The commune has a cooperative with 15 members who are using a rice-crab rotation model on a total area of 50ha.

Giang Van Thom, Chairman of the Hoa Dien Commune Farmers Association, said the association would work with the commune's People’s Committee to establish more cooperatives to improve incomes.

Phu Van Khen, a farmer in Phu Quoc district’s Bai Thom commune earns a profit of 400 million VND (17,200 USD) a year from his mixed-farming model in which he grows forestry trees and fruit trees.

Besides breeding deer and wild boar, and raising fish in three ponds, he offers food and room services for tourists. He also employs 10 workers who are paid 5-6 million VND (215-260 USD) a month.
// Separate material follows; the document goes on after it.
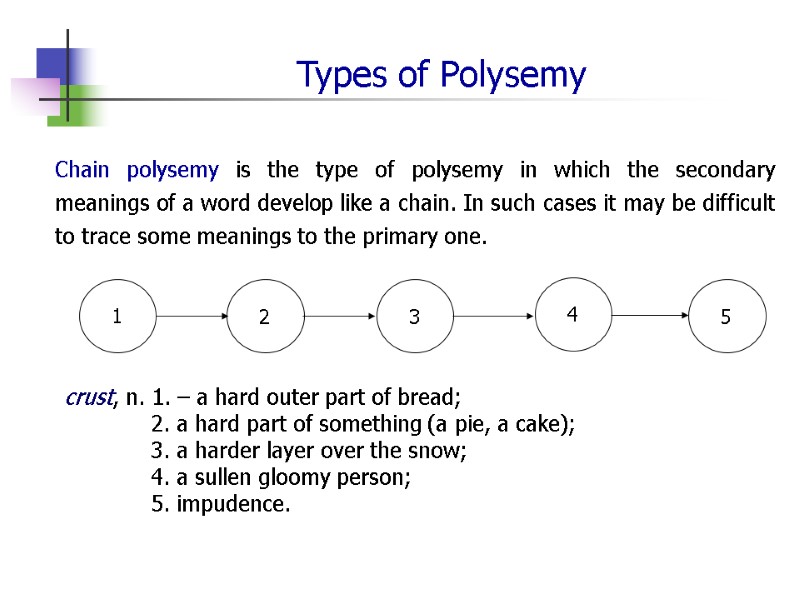 Types of Polysemy Chain polysemy is the type of polysemy in which the secondary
In the last two years, Khen donated 2,000sq.m of land and more than 100 million VND (4,300 USD) to build a rural road and support poor locals.

The new-style rural area programme in the province has received support and contributions from local residents and companies to build infrastructure like roads and irrigation works.

Mai An Nhin, Vice Chairman of the provincial People’s Committee, said: “The new-style rural area programme … has improved production efficiency, labour value of rural residents, and farmers' incomes.”

The province expects to mobilise about 29.2 trillion VND (1.26 billion USD) from various sources, including central and local budgets and donations from locals and companies, for the new-style rural area programme in the 2010-2020 period.

The province has more than 728,400ha of rice fields that produce about 4.2 million tonnes of paddy each year./.